FL: Das möchten Sie aus ihnen aber schon herauskitzeln, oder?

CB: Sicher, das ist eines meiner Ziele. Allerdings habe ich mich schon zu Studienzeiten an der Akademie der Schönen Künste mit eher philosophischen Fragen zu diesem Thema beschäftigt. Ich wollte zum Beispiel wissen: Weshalb heißt es überhaupt ,Schöne Künste‘? Wer legt das fest? Und: Was können wir als schön empfinden, welche Faktoren machen das Schöne aus?

FL: Und welche Antworten haben Sie darauf gefunden?

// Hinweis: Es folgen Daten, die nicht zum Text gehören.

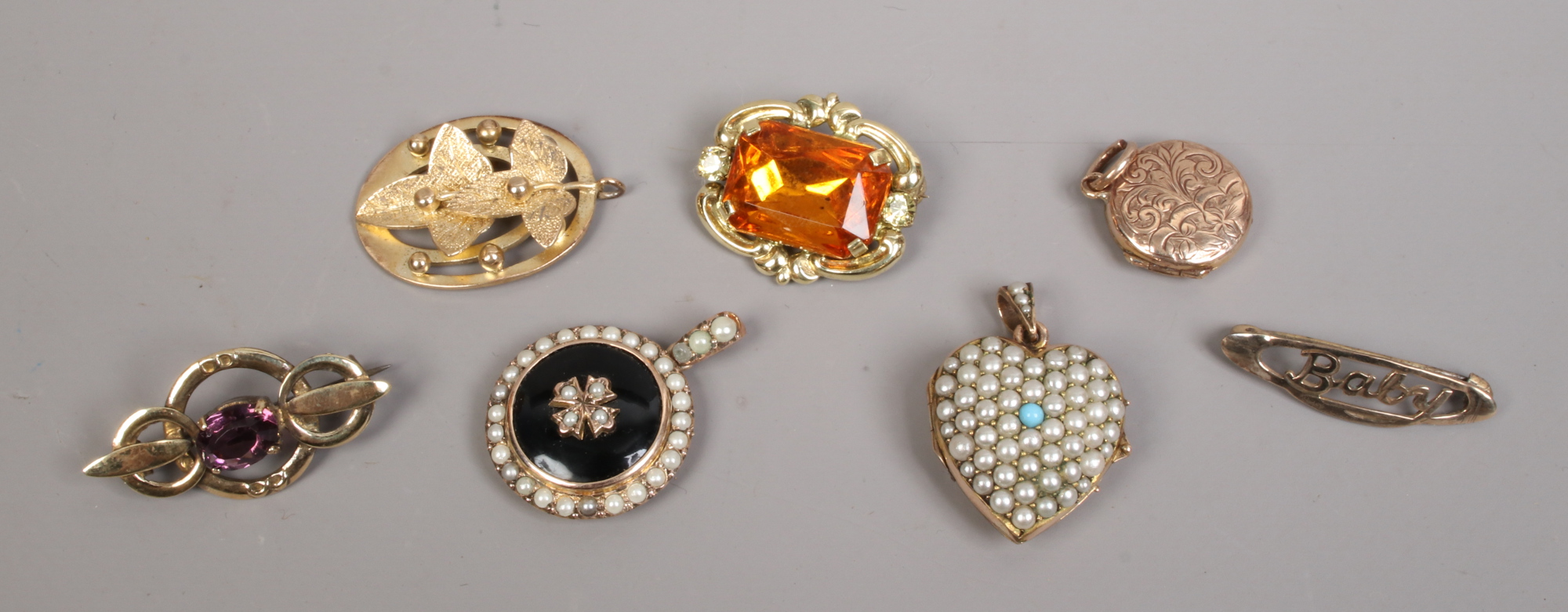 A quantity of yellow metal jewellery including coloured stone set brooches a heart shaped locket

CB: Wohl keine endgültigen oder universellen, dafür aber sehr persönliche.

FL: Nämlich?

CB: Als Bildhauer ist es für mich ein schönes Erlebnis, etwa aus einem Block Marmor etwas zu formen oder auch auf einem Zeichenblatt einen Gedanken sichtbar zu machen. Schon dieses Sichtbarmachen empfinde ich als schön. Während des Prozesses arbeite ich dann auf das Potenzial der Entwicklung des menschlichen Körpers hin und kann ihm eine Form geben. Das ist eine wichtige Motivation für mich.


Christian Bolt, Ausstellungsansicht: Impulse Gallery , Foto: Impulse Gallery

FL: Geht es Ihnen auch um das Erfolgserlebnis? Etwa wenn Sie feststellen: Jetzt ist es vollbracht. Spielt das eine Rolle?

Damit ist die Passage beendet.